Problem to work on ::
Copy exactly. Include the line containing "Σάλλας από Δελφούς: Το", every line after it, and the last line below, but no pictures.

:: Source data

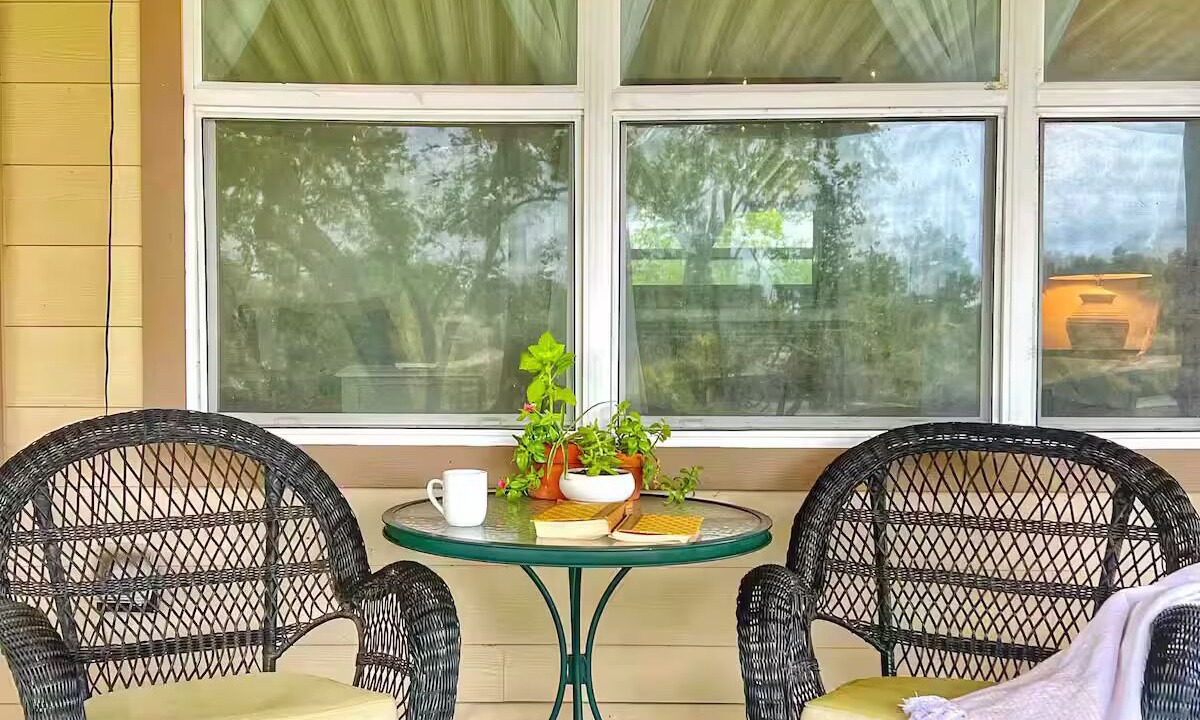 Photo of Patio Balcony in Buchanan Dam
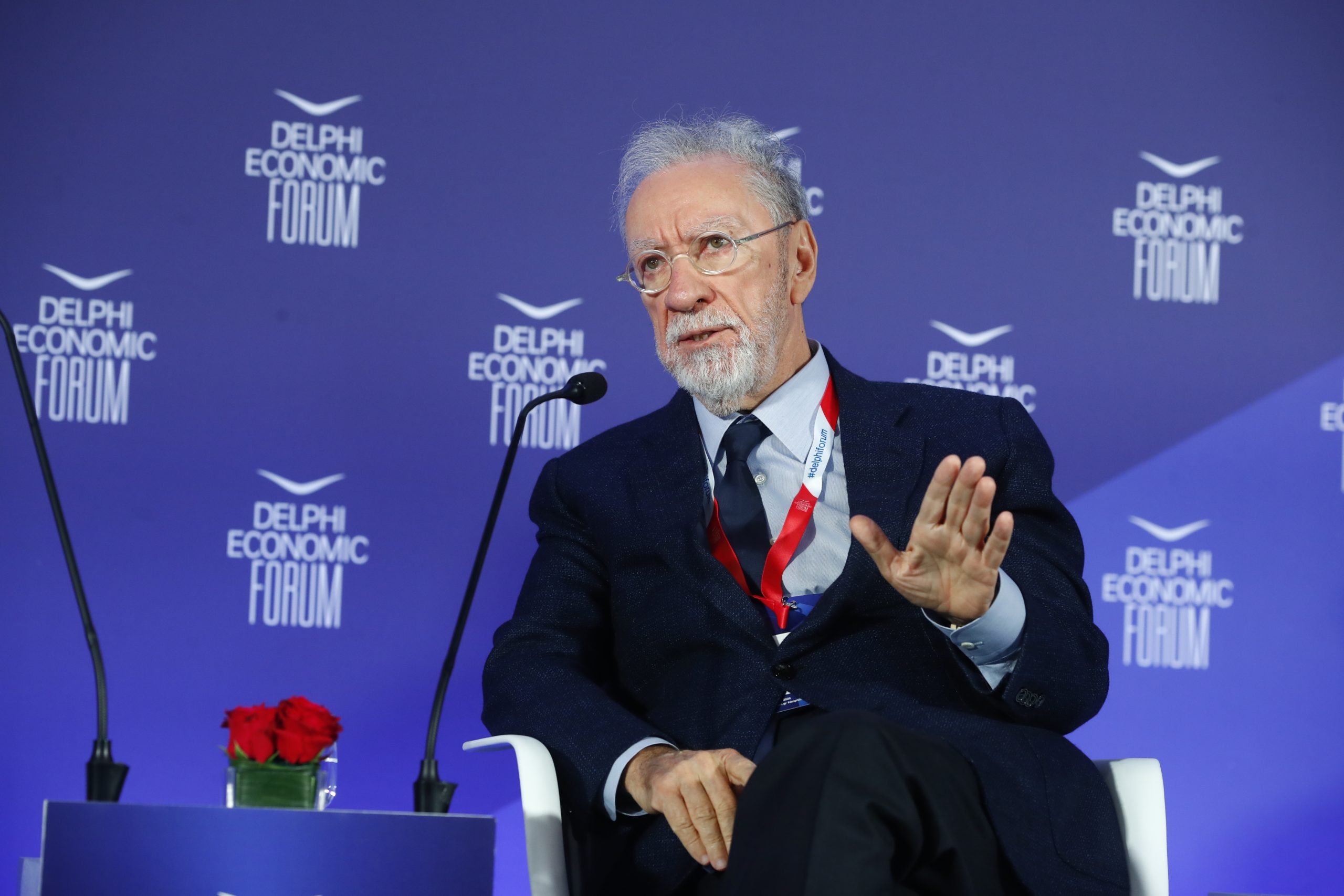 Σάλλας από Δελφούς: Το ακριβό πετρέλαιο πυροδοτεί τον πληθωρισμό και φρενάρει την ανάπτυξη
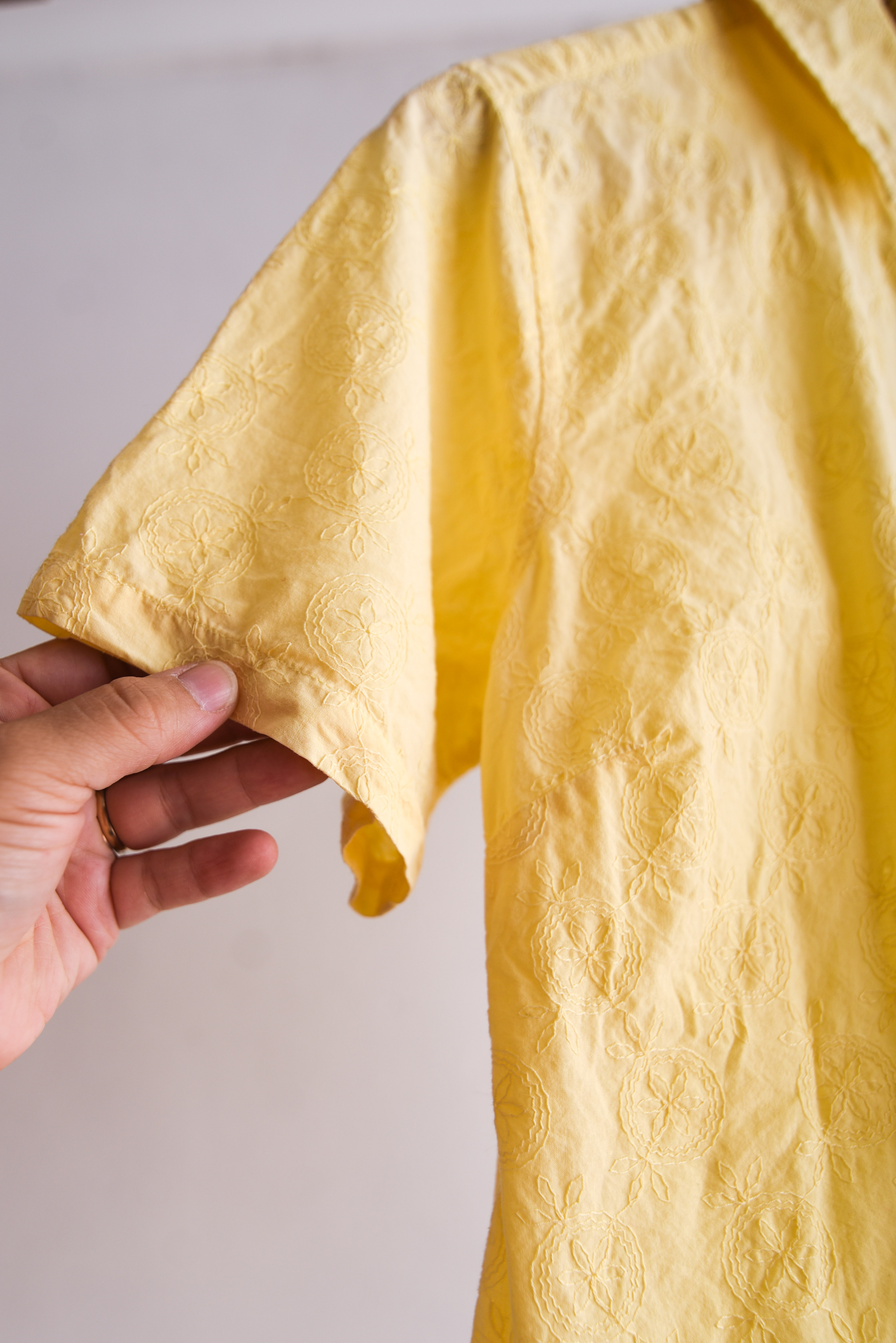 Camisa amarillo pastel bordada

::::

Result for this task ::
 Σάλλας από Δελφούς: Το ακριβό πετρέλαιο πυροδοτεί τον πληθωρισμό και φρενάρει την ανάπτυξη
 Camisa amarillo pastel bordada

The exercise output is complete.